__Description of the task__:
From the first line of the material through the line containing "Homme - Image 5", restate everything word for word and nothing more.

__Material provided__:
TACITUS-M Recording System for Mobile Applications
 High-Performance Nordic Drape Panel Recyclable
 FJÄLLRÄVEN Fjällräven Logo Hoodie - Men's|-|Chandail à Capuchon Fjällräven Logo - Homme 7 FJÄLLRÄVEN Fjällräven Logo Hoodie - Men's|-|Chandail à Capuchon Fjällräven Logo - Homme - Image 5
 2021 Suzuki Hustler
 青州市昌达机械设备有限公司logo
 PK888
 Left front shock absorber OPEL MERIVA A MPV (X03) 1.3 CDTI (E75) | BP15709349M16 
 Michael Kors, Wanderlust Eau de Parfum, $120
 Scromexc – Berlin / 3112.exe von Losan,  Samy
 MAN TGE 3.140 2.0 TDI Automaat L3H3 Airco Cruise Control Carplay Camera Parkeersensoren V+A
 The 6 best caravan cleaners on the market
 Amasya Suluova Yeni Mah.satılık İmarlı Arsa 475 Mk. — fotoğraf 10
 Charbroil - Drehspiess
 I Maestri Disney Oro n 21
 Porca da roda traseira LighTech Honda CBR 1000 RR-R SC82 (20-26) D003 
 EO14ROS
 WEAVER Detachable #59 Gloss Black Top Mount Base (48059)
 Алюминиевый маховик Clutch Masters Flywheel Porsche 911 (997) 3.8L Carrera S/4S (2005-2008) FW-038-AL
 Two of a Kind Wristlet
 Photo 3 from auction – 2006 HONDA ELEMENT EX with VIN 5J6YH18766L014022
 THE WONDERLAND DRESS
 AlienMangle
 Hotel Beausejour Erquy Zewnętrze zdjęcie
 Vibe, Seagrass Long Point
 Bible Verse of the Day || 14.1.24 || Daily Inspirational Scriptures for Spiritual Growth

__Response to this task__:
TACITUS-M Recording System for Mobile Applications
 High-Performance Nordic Drape Panel Recyclable
 FJÄLLRÄVEN Fjällräven Logo Hoodie - Men's|-|Chandail à Capuchon Fjällräven Logo - Homme 7 FJÄLLRÄVEN Fjällräven Logo Hoodie - Men's|-|Chandail à Capuchon Fjällräven Logo - Homme - Image 5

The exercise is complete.